XSLT is a rather complex transformation language. I believe that one could distinguish four levels of difficulty:

  • This tutorial is introductory (level 1)
  • Level 2 XSLT could be defined as using more sophisticated template ordering, conditional expressions, loops, etc.
  • Level 3 is using advanced XPath expressions
  • Level 4 is using XSLT as functional programming language (template calls)

Some of level 2 and 3 is covered in XPath tutorial - basics. Some more in the XSLT to generate SVG tutorial.

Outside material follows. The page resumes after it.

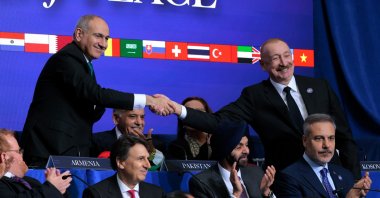Prime Minister of Armenia Nikol Pashinyan (L) shakes hands with President of Azerbaijan Ilham Aliyev during the inaugural meeting of the Board of Peace in Washington, D.C., Feb. 19, 2026. (Getty Images Photo)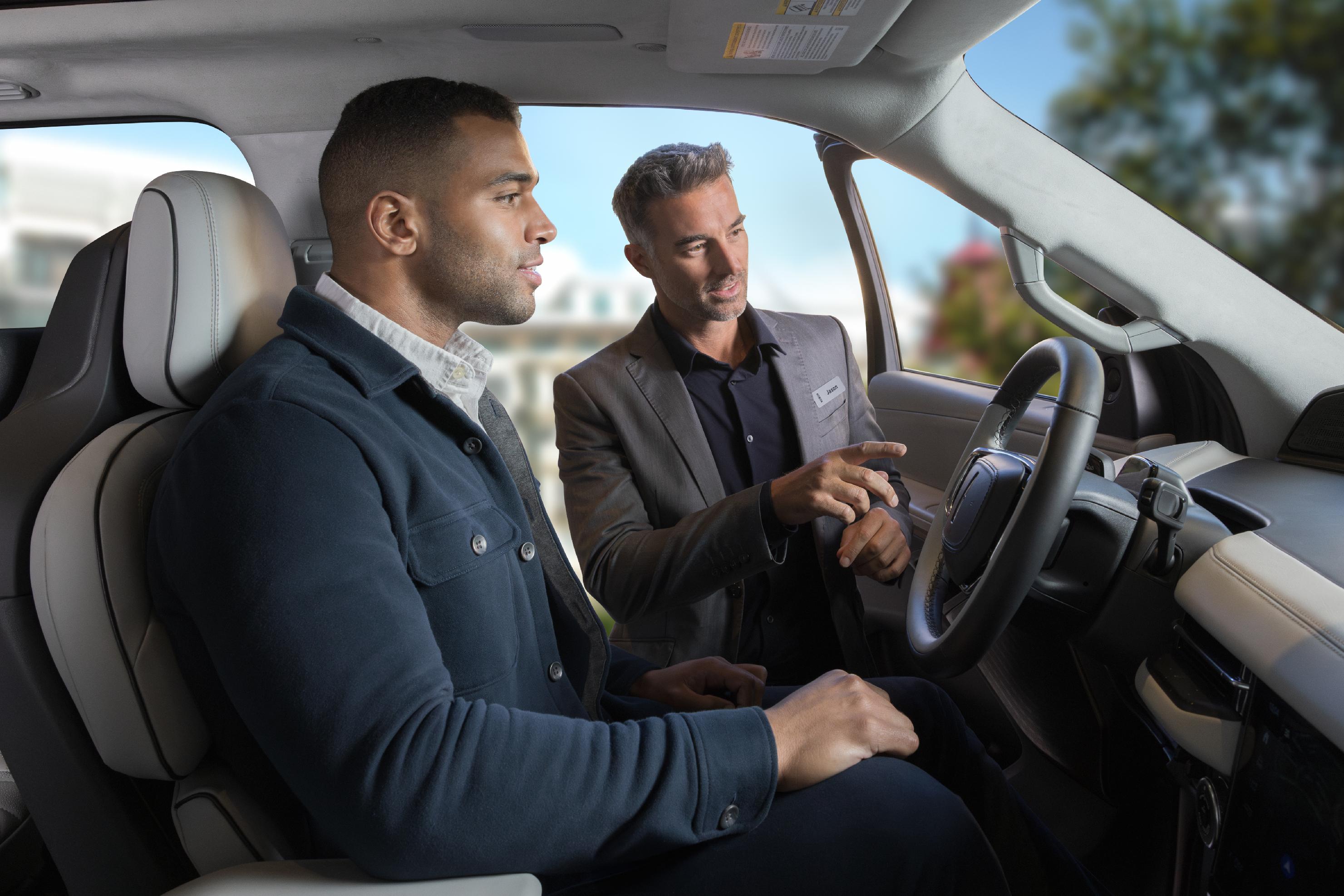 Un représentant des ventes Lincoln montrant à un client une caractéristique à l’intérieur du véhicule Lincoln.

Introduction Extensible Stylesheet Language Transformations

XSLT essentials and goals
  • XSLT is a transformation language for XML. That means, using XSLT, you could generate any sort of other document from an XML document. For example, you could take XML data output from a database into some graphics.
  • XSLT is a W3C XML language (the usual XML well-formedness criteria apply)
  • XSLT can translate XML into almost anything , e.g.:
    • wellformed HTML (closed tags)
    • any XML, e.g. yours or other XML languages like SVG, X3D
    • non XML, e.g. RTF (this is a bit more complicated)

The picture below shows some use cases. In principle, the input data to be transformed is always XML. With XSLT we then can produce some "enriched" or otherwise transformed XML or directly some other format that is used to render the contents. Xslt-basics-2.png

Keep in mind that XSLT doesn't understand HTML or any other sort of "contents" ! Frequently, beginners assume that XSLT knows about HTML, in particular that it can deal with links and pictures. All XSLT can do, is translating XML elements into something else. Part of this confusion may stem from the fact that XSLT programs are called "stylesheets". There is no styling in XSLT, period.

XSL-FO, on the other hand, was the initial target of the XSL project. It never was implemented in web browsers and this is the reason why we translate XML contents to HTML + CSS for web display. XSL-FO, however, is a very good solution for creating print documents from XML. This only can be done with server-side scripts or programs that you can install on your PC.

History and specifications

Specification
History

Initially, back in the nineties, XLS (XSL: eXtensible Stylesheet Language) was a project to replace CSS for both display and print media and to provide support for complex formatting and layout features (pagination, indexing, cross-referencing, recursive numbering, indexing, etc.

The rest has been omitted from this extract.